Die Anlehnungen in den Werken von ZOFIA POSMYSZ (1923–2022) an die real existierende Marta Sawicka sind frappierend – die größten Teile der erzählten Inhalte sind jedoch wohl auf die Erlebnisse von Zofia Posmysz selbst zurückzuführen. Ihr Verhältnis zu Anneliese Franz war zwiespältig – einerseits bestand ein perfides Abhängigkeitsverhältnis, andererseits beschreibt Zofia Posmysz in ihren Überlebensberichten auch immer wieder menschliches Verhalten ihr gegenüber. Dieser kaum auszuhaltende Antagonismus ist in der Erzählung Pasażerka zwischen Marta und Lisa grundlegend.

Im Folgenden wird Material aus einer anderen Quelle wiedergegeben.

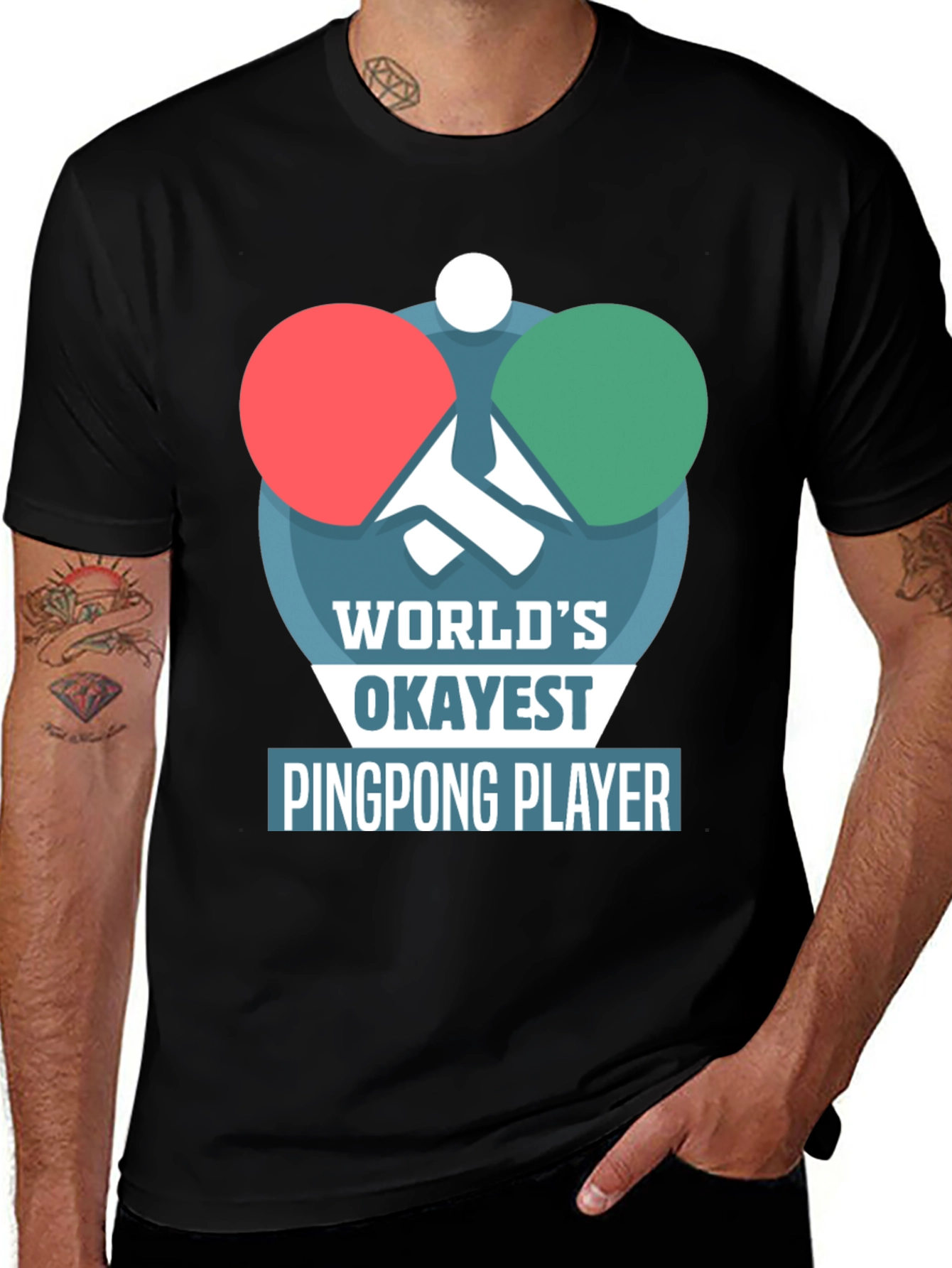 Black World's Okayest Ping Pong Player T-Shirt main image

TADEUSZ PAOLONE-LISOWSKI (1909–1943) war Häftling im Konzentrations- und Vernichtungslager Auschwitz mit der Nummer 329. Zofia Posmysz lernte ihn kennen, als sie zur Schreiberin „befördert“ wurde: Tadeusz Paolone-Lisowski hatte die Aufgabe, Zofia Posmysz drei Tage lang in Buchführung zu unterrichten. Zwischen den beiden entstand ein kurzes, aber intensives Miteinander. Tadeusz Paolone- Lisowski schenkte Zofia Posmysz ein Medaillon mit Jesus Christus. Es entspann sich zwischen den beiden eine heimliche briefliche Korrespondenz im KZ. Irgendwann endete der Briefkontakt, Tadeusz Paolone-Lisowski wurde verhaftet. Daraufhin verbrannte Marta Sawicka die Briefe von Zofia Posmysz und Tadeusz Paolone- Lisowski, um das heimliche Kommunikationssystem und die daran Beteiligten zu schützen. Tadeusz Paolone-Lisowski wurde am 11. Oktober 1943 wegen „konspirativer Tätigkeit im Lager“ hingerichtet. Anneliese Franz teilte schließlich Zofia Posmysz mit, dass er erschossen wurde. Sie schien von der Korrespondenz der beiden gewusst zu haben. Tadeusz Paolone-Lisowski war Teil einer Widerstandsgruppe (Związek Organizacji Wojskowej), die im Untergrund arbeitete und deren Ziele darin bestanden, die Häftlinge moralisch zu stärken, Nachrichten von draußen zu übermitteln, zusätzliche Lebensmittel und Kleidung zu verteilen und nachrichtendienstliche Netze einzurichten. Das Medaillon von Tadeusz Paolone-Lisowski trug Zofia Posmysz bis zu ihrem Tod 2022 bei sich.